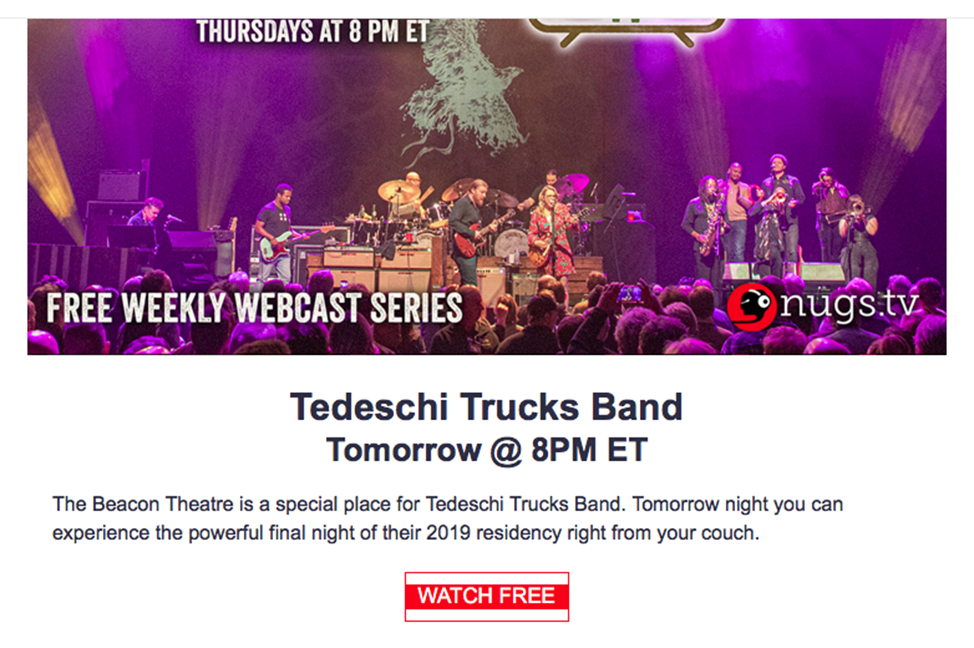 TTB 2020.03.27 Beacon Theatre Live.jpg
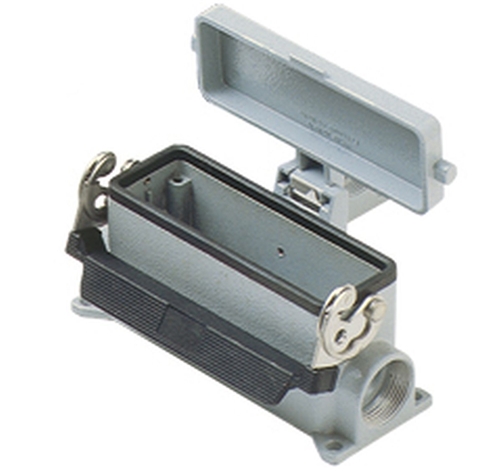 ILME SURFACE MOUNTING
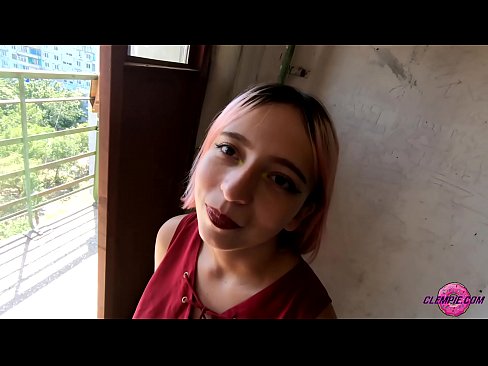 ❤️ Студент Сензуал сише странца у залеђу - сперма му на лицу ❌  Секс код нас sr.elitemangas.top ❤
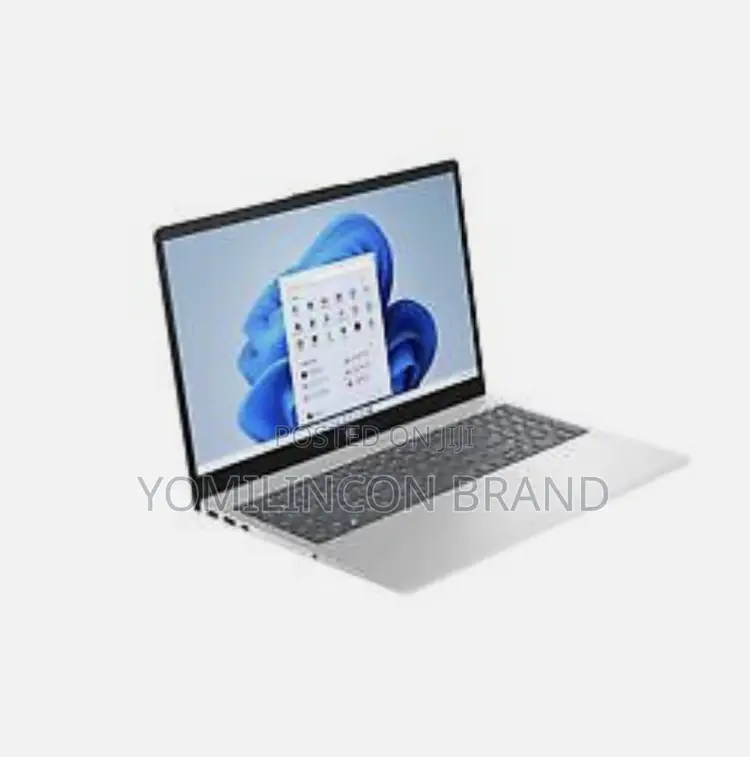 New Laptop HP 16GB Intel Core I5 SSD 1T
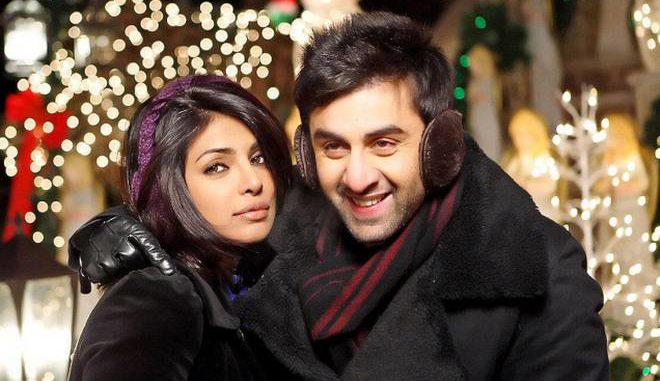 ranbir kapoor wife,ranbir kapoor age,ranbir kapoor relationship with alia,ranbir kapoor and katrina kaif relationship,ranbir kapoor wife name,ranbir kapoor instagram,ranbir kapoor movies,ranbir kapoor first wife,ranbir kapoor affairs,ranbir kapoor,ranbir and deepika,ranbir and katrina,ranbir kapoor girlfriends images,ranbir kapoor previous girlfriend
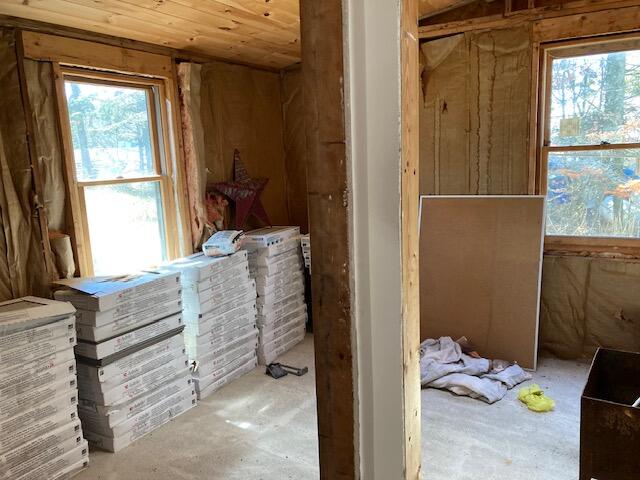 403 Mooseneck Road Addison ME 04606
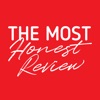 The most honest review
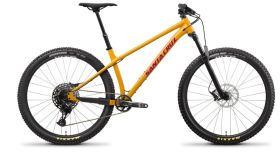Gorsko kolo Santa Cruz Chameleon 8 AL D-Kit 2024-Santa_Cruz_Chameleon_AL_D-KIT_Golden_Yellow-M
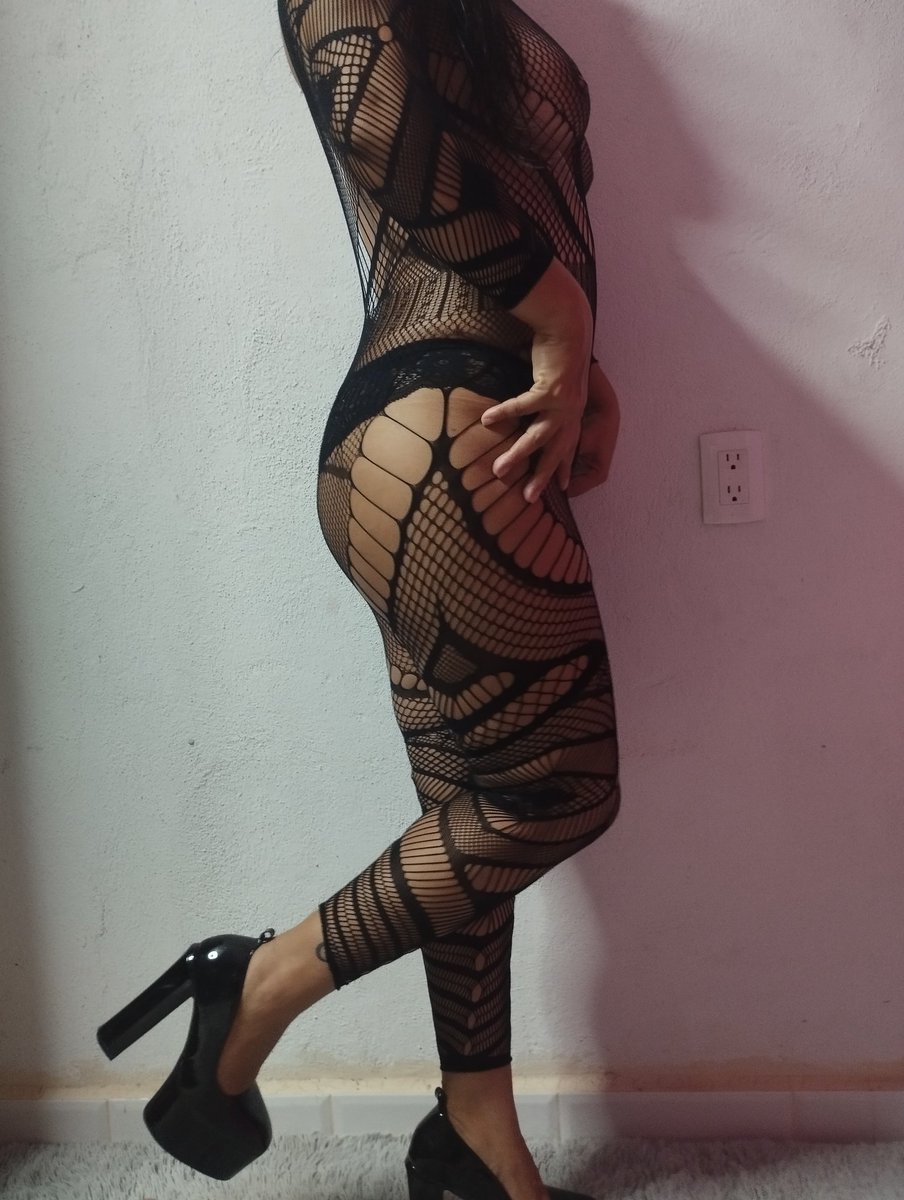 Yuli pedro Lopez tweet media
===============
**Your goal**: Please output every line of the listing as it stands, and omit its images.

**Response for this exercise**:
 TTB 2020.03.27 Beacon Theatre Live.jpg
 ILME SURFACE MOUNTING
 ❤️ Студент Сензуал сише странца у залеђу - сперма му на лицу ❌  Секс код нас sr.elitemangas.top ❤
 New Laptop HP 16GB Intel Core I5 SSD 1T
 ranbir kapoor wife,ranbir kapoor age,ranbir kapoor relationship with alia,ranbir kapoor and katrina kaif relationship,ranbir kapoor wife name,ranbir kapoor instagram,ranbir kapoor movies,ranbir kapoor first wife,ranbir kapoor affairs,ranbir kapoor,ranbir and deepika,ranbir and katrina,ranbir kapoor girlfriends images,ranbir kapoor previous girlfriend
 403 Mooseneck Road Addison ME 04606
 The most honest review
Gorsko kolo Santa Cruz Chameleon 8 AL D-Kit 2024-Santa_Cruz_Chameleon_AL_D-KIT_Golden_Yellow-M
 Yuli pedro Lopez tweet media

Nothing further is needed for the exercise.